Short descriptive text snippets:
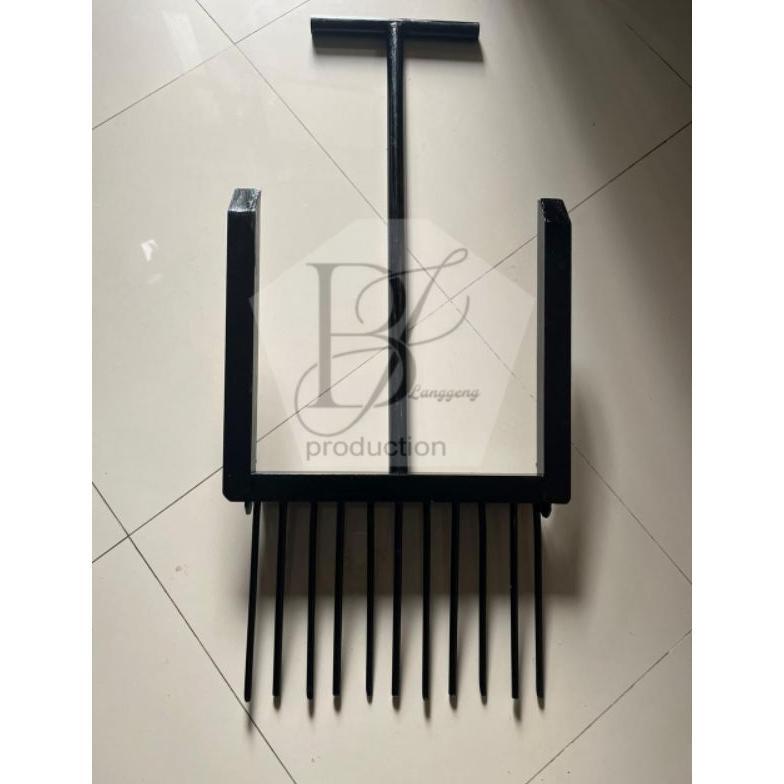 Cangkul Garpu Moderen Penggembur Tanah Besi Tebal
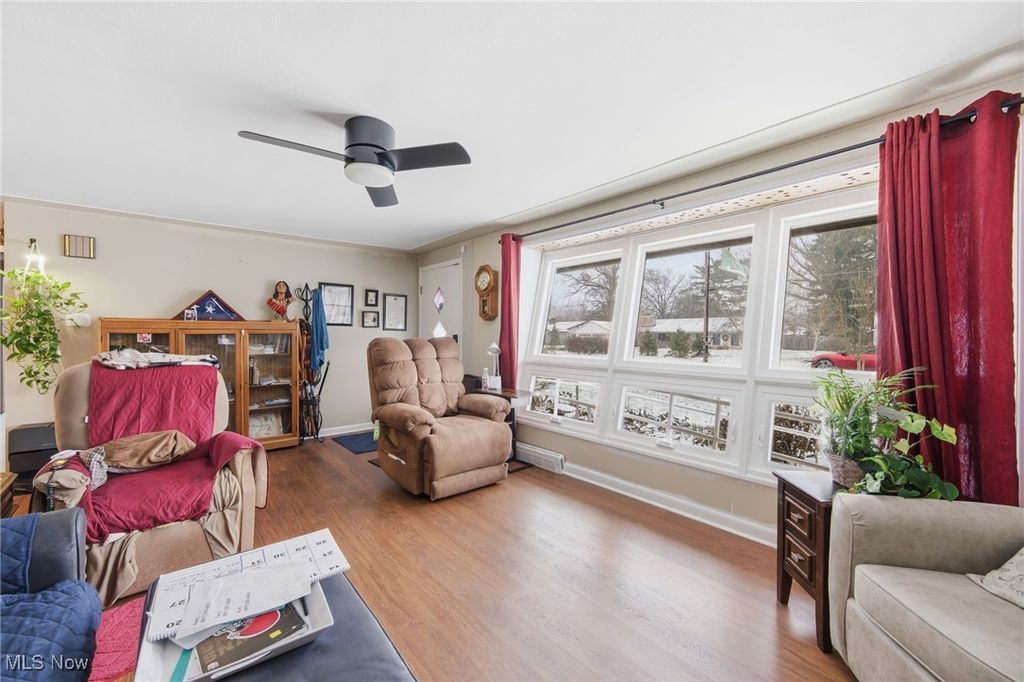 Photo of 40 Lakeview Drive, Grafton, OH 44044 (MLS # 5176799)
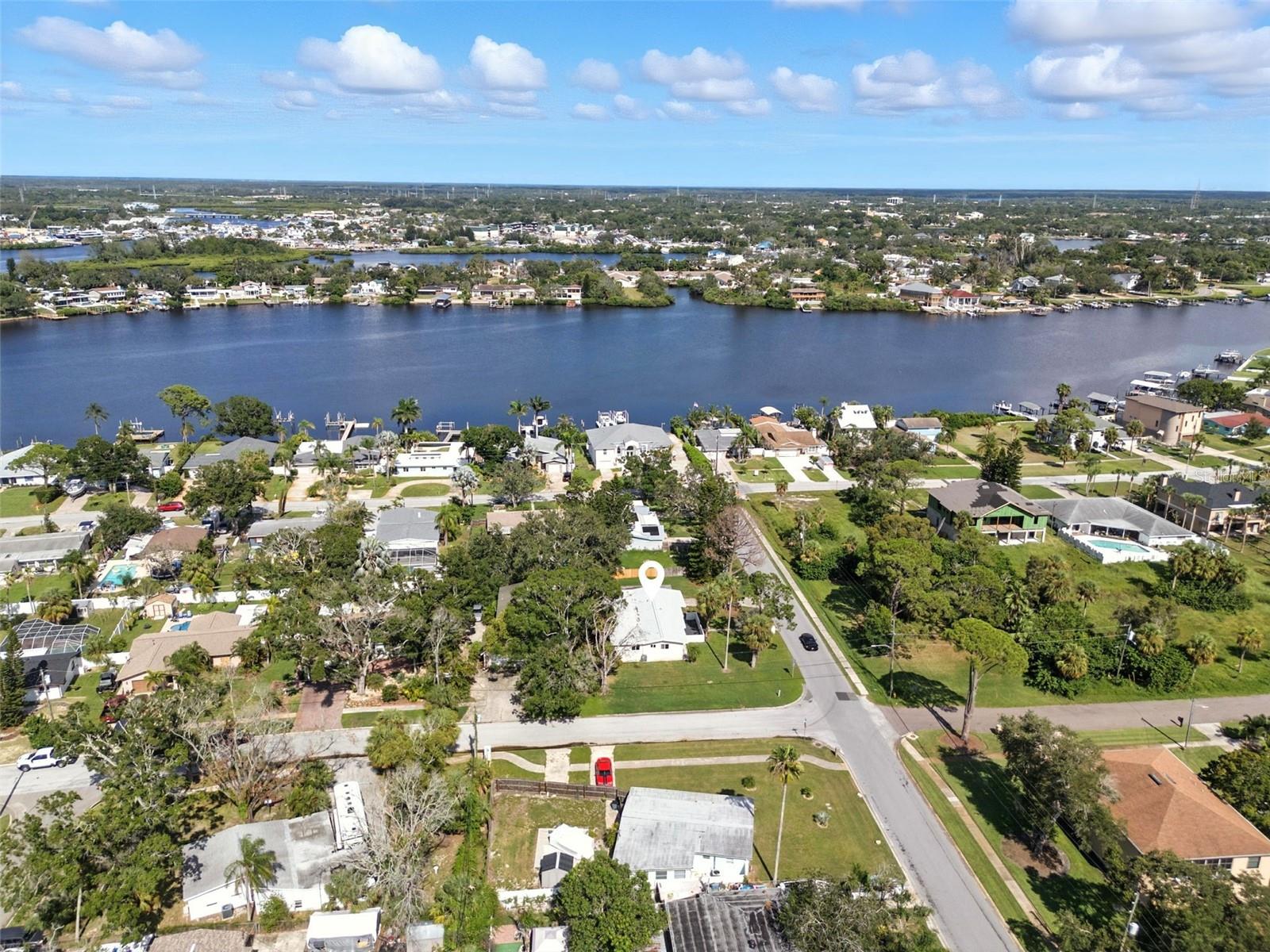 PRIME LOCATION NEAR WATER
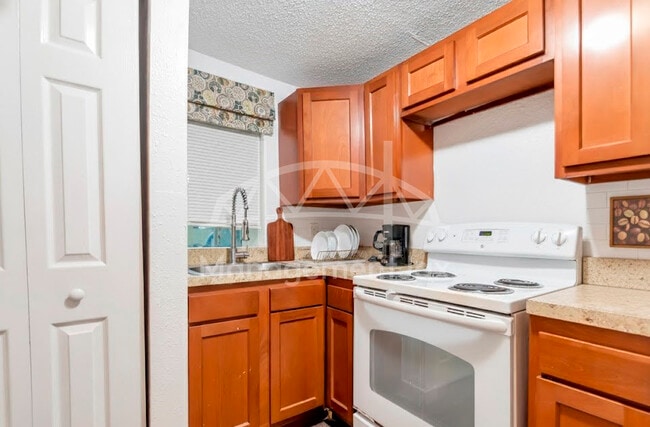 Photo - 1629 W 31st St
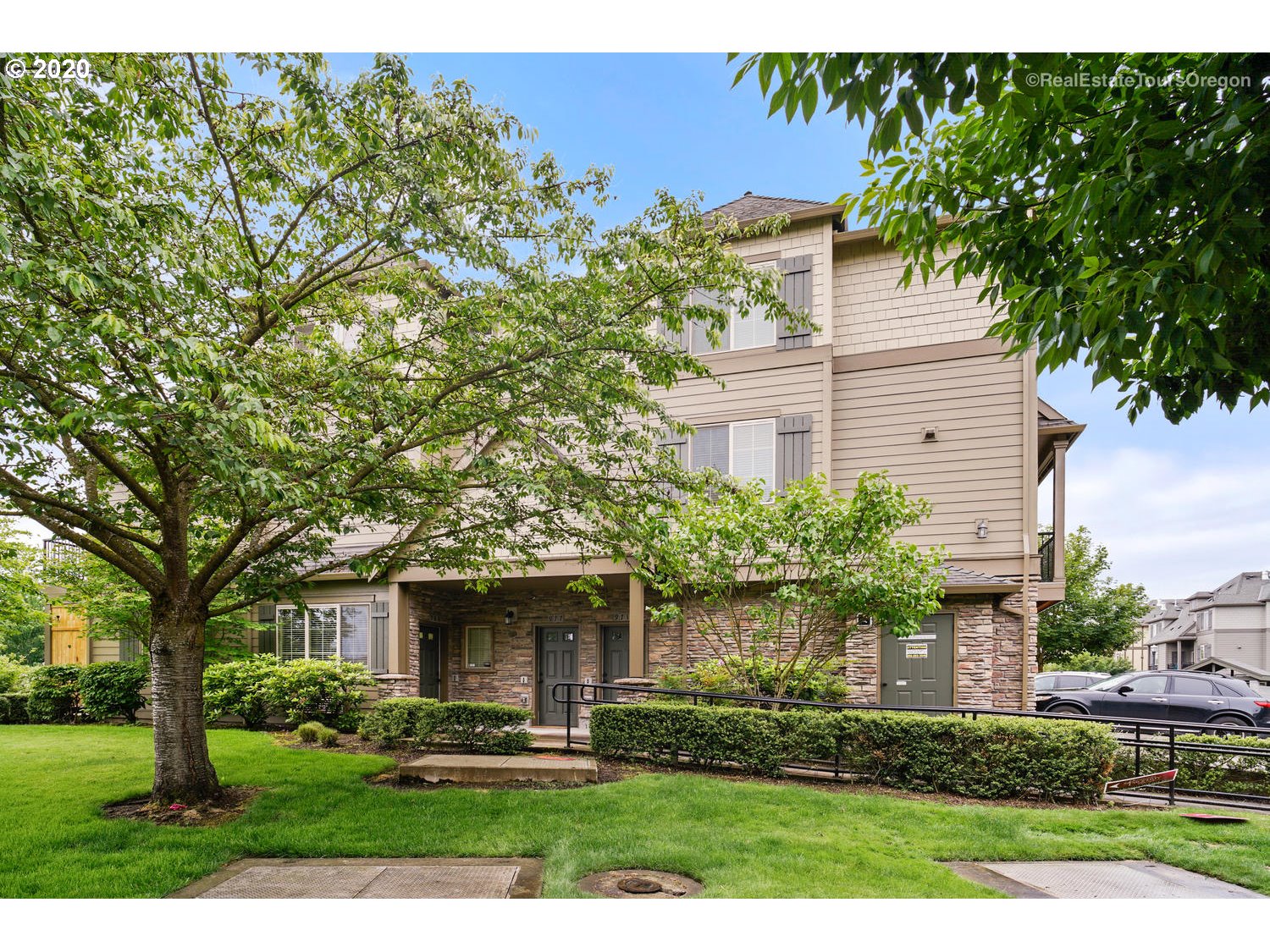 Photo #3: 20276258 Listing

PROMPT: Quote the data above in full and without alteration; skip the pictures.

FINISHED EXERCISE:
 Cangkul Garpu Moderen Penggembur Tanah Besi Tebal
 Photo of 40 Lakeview Drive, Grafton, OH 44044 (MLS # 5176799)
 PRIME LOCATION NEAR WATER
 Photo - 1629 W 31st St
 Photo #3: 20276258 Listing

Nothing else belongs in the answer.